2. Fixed long-tailed direct reclaim latency seen on high-memory (TBs)
machines. The old direct reclaim backoff, which tries to enforce a
minimum fairness among all eligible memcgs, over-swapped by about
(total_mem>>DEF_PRIORITY)-nr_to_reclaim. The new backoff, which
pulls the plug on swapping once the target is met, trades some
fairness for curtailed latency:
https://lore.kernel.org/r/20220918080010.2920238-10-yuzhao@google.com/
3. Fixed minior build warnings and conflicts. More comments and nits.
TLDR
====
The current page reclaim is too expensive in terms of CPU usage and it
often makes poor choices about what to evict. This patchset offers an
alternative solution that is performant, versatile and
straightforward.
Patchset overview
=================
The design and implementation overview is in patch 14:
https://lore.kernel.org/r/20220918080010.2920238-15-yuzhao@google.com/
01. mm: x86, arm64: add arch_has_hw_pte_young()
02. mm: x86: add CONFIG_ARCH_HAS_NONLEAF_PMD_YOUNG
Take advantage of hardware features when trying to clear the accessed
bit in many PTEs.
03. mm/vmscan.c: refactor shrink_node()
04. Revert "include/linux/mm_inline.h: fold __update_lru_size() into
its sole caller"
Minor refactors to improve readability for the following patches.
05. mm: multi-gen LRU: groundwork
Adds the basic data structure and the functions that insert pages to
and remove pages from the multi-gen LRU (MGLRU) lists.

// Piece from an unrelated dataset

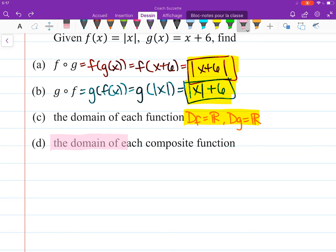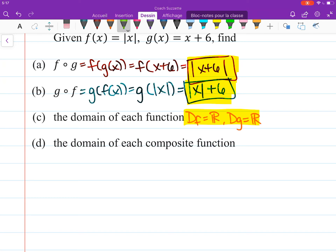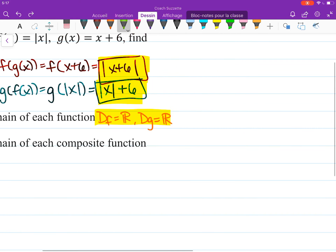Last one — the domain of each composite function. What's the domain for f of g? Well, what did we put here? We put all real numbers. It's within absolute value, there's no conflict there. So the domain of f of g is all real numbers.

06. mm: multi-gen LRU: minimal implementation
A minimal implementation without optimizations.
07. mm: multi-gen LRU: exploit locality in rmap
Exploits spatial locality to improve efficiency when using the rmap.
08. mm: multi-gen LRU: support page table walks
Further exploits spatial locality by optionally scanning page tables.
09. mm: multi-gen LRU: optimize multiple memcgs
Optimizes the overall performance for multiple memcgs running mixed
types of workloads.
10. mm: multi-gen LRU: kill switch
Adds a kill switch to enable or disable MGLRU at runtime.
11. mm: multi-gen LRU: thrashing prevention
12. mm: multi-gen LRU: debugfs interface
Provide userspace with features like thrashing prevention, working set
estimation and proactive reclaim.
13. mm: multi-gen LRU: admin guide
14. mm: multi-gen LRU: design doc
Add an admin guide and a design doc.
Benchmark results
=================
Independent lab results
-----------------------
Based on the popularity of searches [01] and the memory usage in
Google's public cloud, the most popular open-source memory-hungry
applications, in alphabetical order, are:
Apache Cassandra Memcached
Apache Hadoop MongoDB
Apache Spark PostgreSQL
MariaDB (MySQL) Redis
An independent lab evaluated MGLRU with the most widely used benchmark
suites for the above applications. They posted 960 data points along
with kernel metrics and perf profiles collected over more than 500
hours of total benchmark time. Their final reports show that, with 95%
confidence intervals (CIs), the above applications all performed
significantly better for at least part of their benchmark matrices.
On 5.14:
1. Apache Spark [02] took 95% CIs [9.28, 11.19]% and [12.20, 14.93]%
less wall time to sort three billion random integers, respectively,
under the medium- and the high-concurrency conditions, when
overcommitting memory. There were no statistically significant
changes in wall time for the rest of the benchmark matrix.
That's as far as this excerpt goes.